Your task: Among the records below, find the line that has "大学生银行实习总结（5篇）_第5页"; from there, give the lines again exactly, and stop after the line that has "Playism Record Of".

Data extract:
*** Block opens ***
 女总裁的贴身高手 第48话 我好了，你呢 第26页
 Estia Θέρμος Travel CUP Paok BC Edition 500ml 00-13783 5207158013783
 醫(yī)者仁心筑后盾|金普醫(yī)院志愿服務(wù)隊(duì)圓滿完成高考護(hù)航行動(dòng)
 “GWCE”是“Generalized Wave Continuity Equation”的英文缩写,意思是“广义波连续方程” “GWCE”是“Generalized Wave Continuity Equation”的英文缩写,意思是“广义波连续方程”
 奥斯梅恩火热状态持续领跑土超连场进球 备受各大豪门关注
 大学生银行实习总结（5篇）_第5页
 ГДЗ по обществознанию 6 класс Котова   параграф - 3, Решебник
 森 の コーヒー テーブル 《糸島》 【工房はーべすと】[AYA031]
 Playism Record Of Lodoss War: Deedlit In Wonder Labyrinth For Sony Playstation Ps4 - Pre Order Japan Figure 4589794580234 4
*** Block closes ***
*** Block opens ***
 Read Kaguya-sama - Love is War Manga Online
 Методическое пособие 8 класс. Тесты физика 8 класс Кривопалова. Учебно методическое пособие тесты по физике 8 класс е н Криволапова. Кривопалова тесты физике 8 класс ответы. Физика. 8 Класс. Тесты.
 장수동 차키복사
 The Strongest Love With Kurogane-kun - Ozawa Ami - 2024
*** Block closes ***
*** Block opens ***
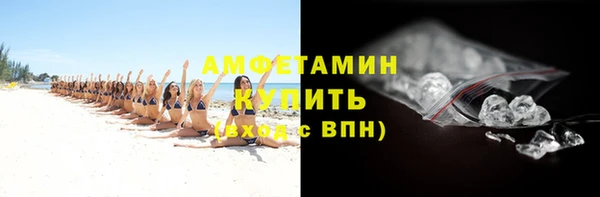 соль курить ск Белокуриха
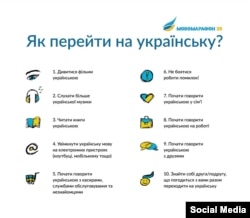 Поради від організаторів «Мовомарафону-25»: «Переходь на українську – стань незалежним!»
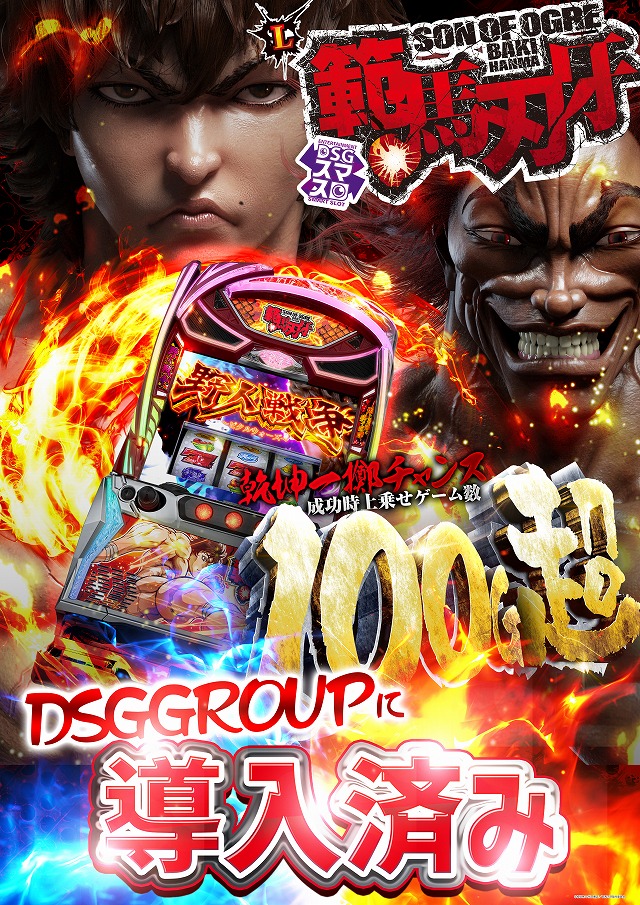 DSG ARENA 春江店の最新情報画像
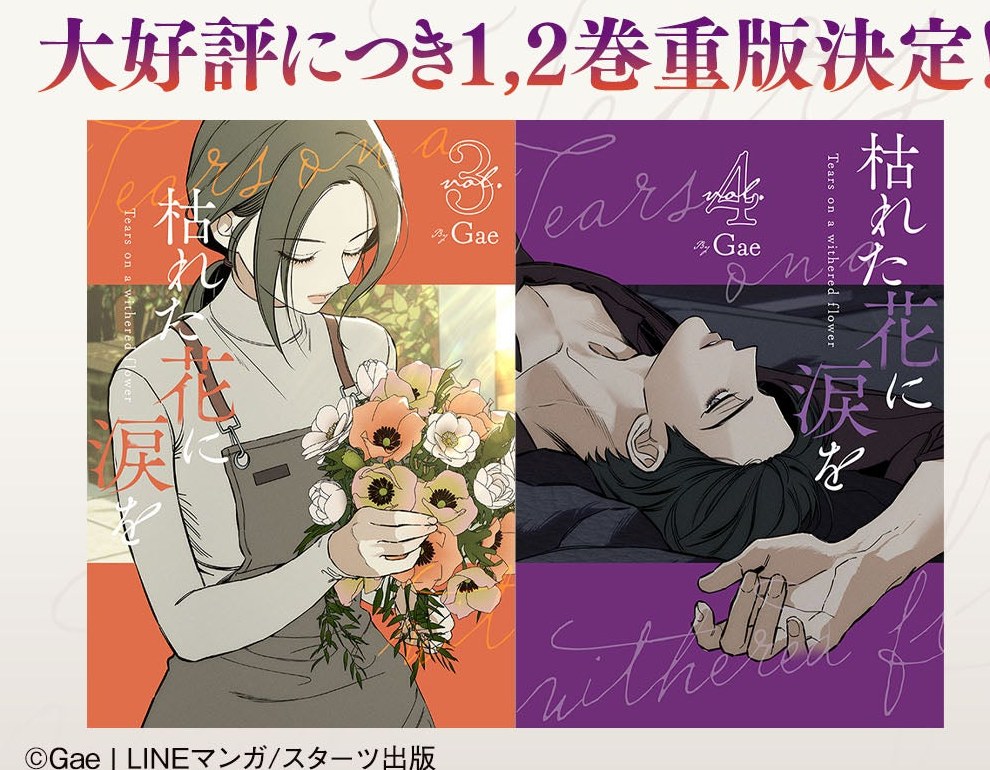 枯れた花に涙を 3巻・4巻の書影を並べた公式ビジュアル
*** Block closes ***
Exercise solution:
 大学生银行实习总结（5篇）_第5页
 ГДЗ по обществознанию 6 класс Котова   параграф - 3, Решебник
 森 の コーヒー テーブル 《糸島》 【工房はーべすと】[AYA031]
 Playism Record Of Lodoss War: Deedlit In Wonder Labyrinth For Sony Playstation Ps4 - Pre Order Japan Figure 4589794580234 4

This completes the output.